REQUIRED ACTION> A verbatim restatement of the data, free of pictures, is what you should output.

---- MATERIAL PROVIDED

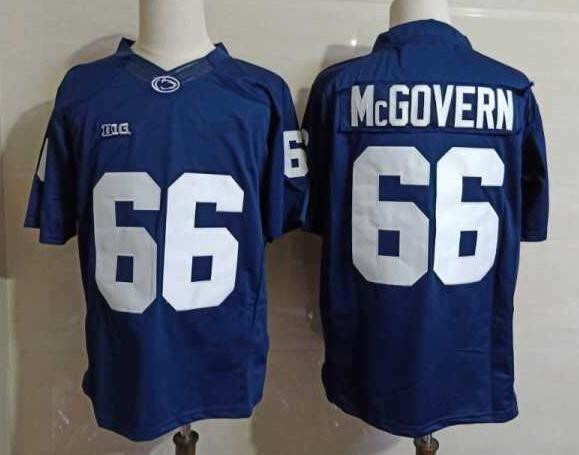 Mens Penn State Nittany Lions #66 Connor McGovern Navy Football Jersey -with Name
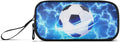 DVGMBXY Soccer Starry Sky Pencil Case Box for kids Teens Boys Girls Large Pencil Pouch with Zipper Compartments Big Capacity Stationery Pen Bag Organizer for Kids Teens Adults School Office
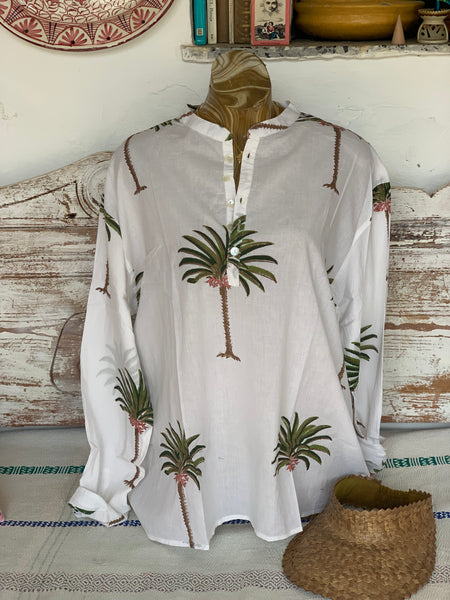 Chinese kurta , palm print , blouse ,shirt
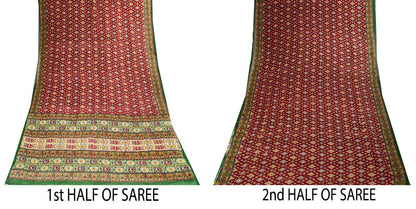 Sanskriti Vintage Saree Red Pure Cotton Patan Patola Gujrat Ikat Print Sari 5+YD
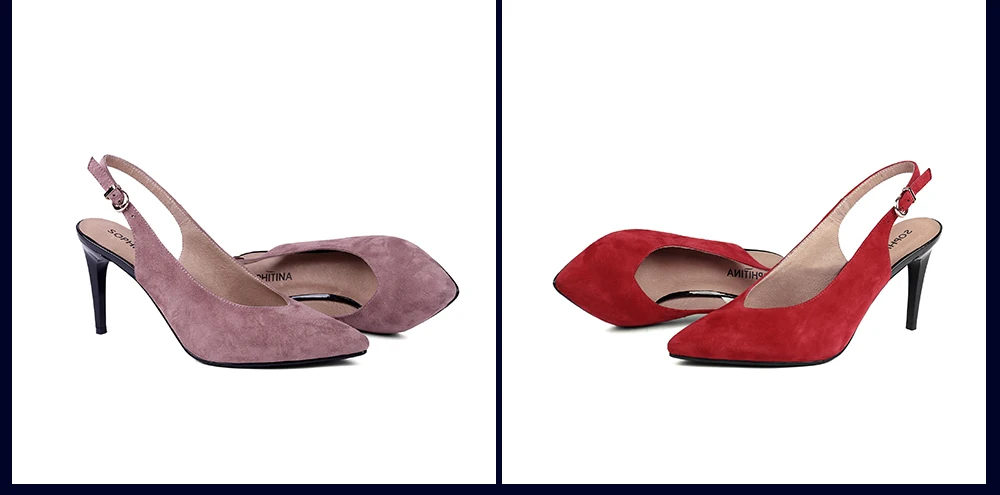 SOPHITINA Comfortable Kid Suede Sandals Fashion Shallow Sexy Pointed Toe Shoes New Hot Sale High Thin Heel Women's Sandals SC139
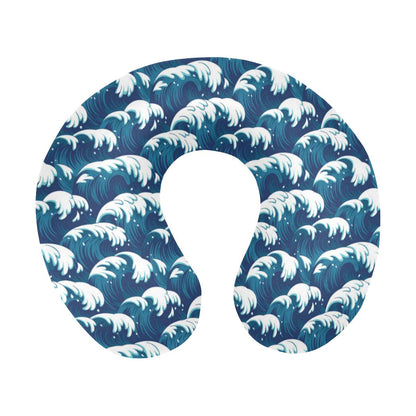Ocean Wave Pattern Print U-Shaped Travel Neck Pillow-JTAMIGO.COM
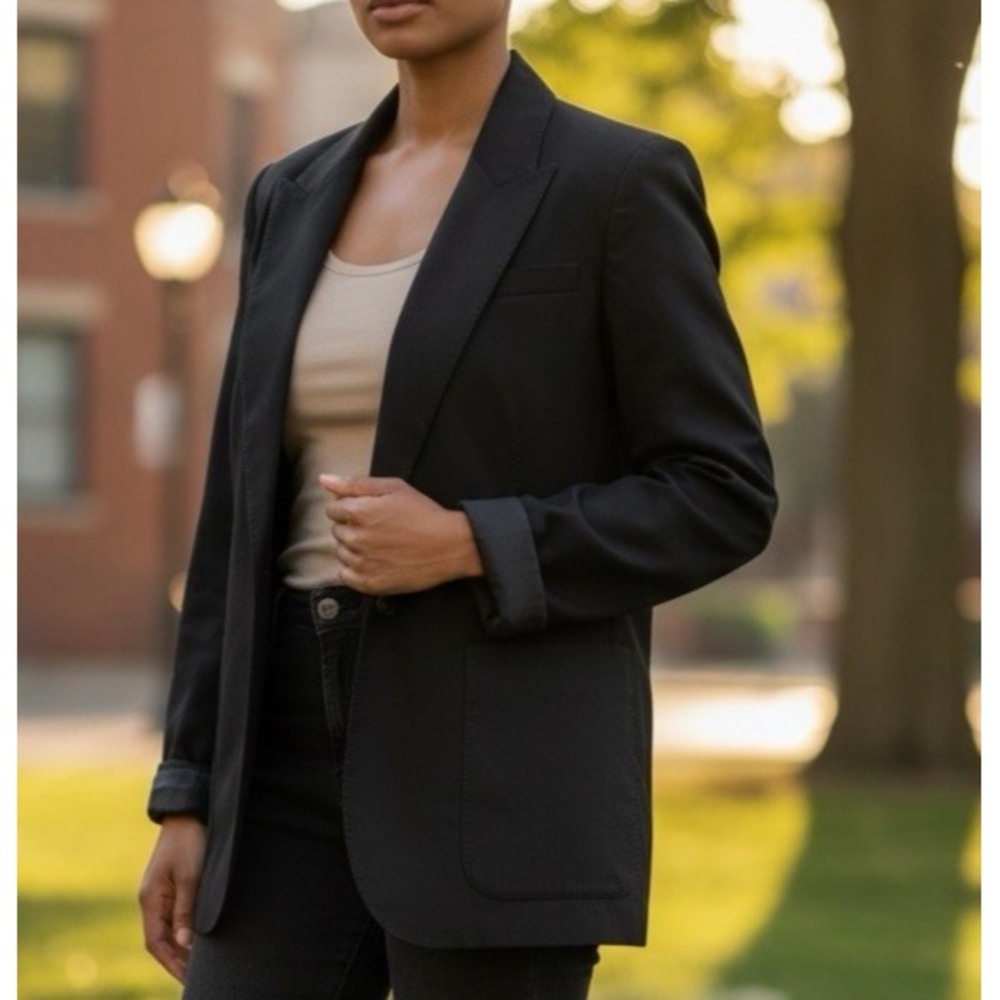 Gucci Black Structured Single Breasted Blazer Suit Jacket SIZE 44 WOOL SILK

--------

RESULT>
 Mens Penn State Nittany Lions #66 Connor McGovern Navy Football Jersey -with Name
 DVGMBXY Soccer Starry Sky Pencil Case Box for kids Teens Boys Girls Large Pencil Pouch with Zipper Compartments Big Capacity Stationery Pen Bag Organizer for Kids Teens Adults School Office
 Chinese kurta , palm print , blouse ,shirt
 Sanskriti Vintage Saree Red Pure Cotton Patan Patola Gujrat Ikat Print Sari 5+YD
 SOPHITINA Comfortable Kid Suede Sandals Fashion Shallow Sexy Pointed Toe Shoes New Hot Sale High Thin Heel Women's Sandals SC139
Ocean Wave Pattern Print U-Shaped Travel Neck Pillow-JTAMIGO.COM
 Gucci Black Structured Single Breasted Blazer Suit Jacket SIZE 44 WOOL SILK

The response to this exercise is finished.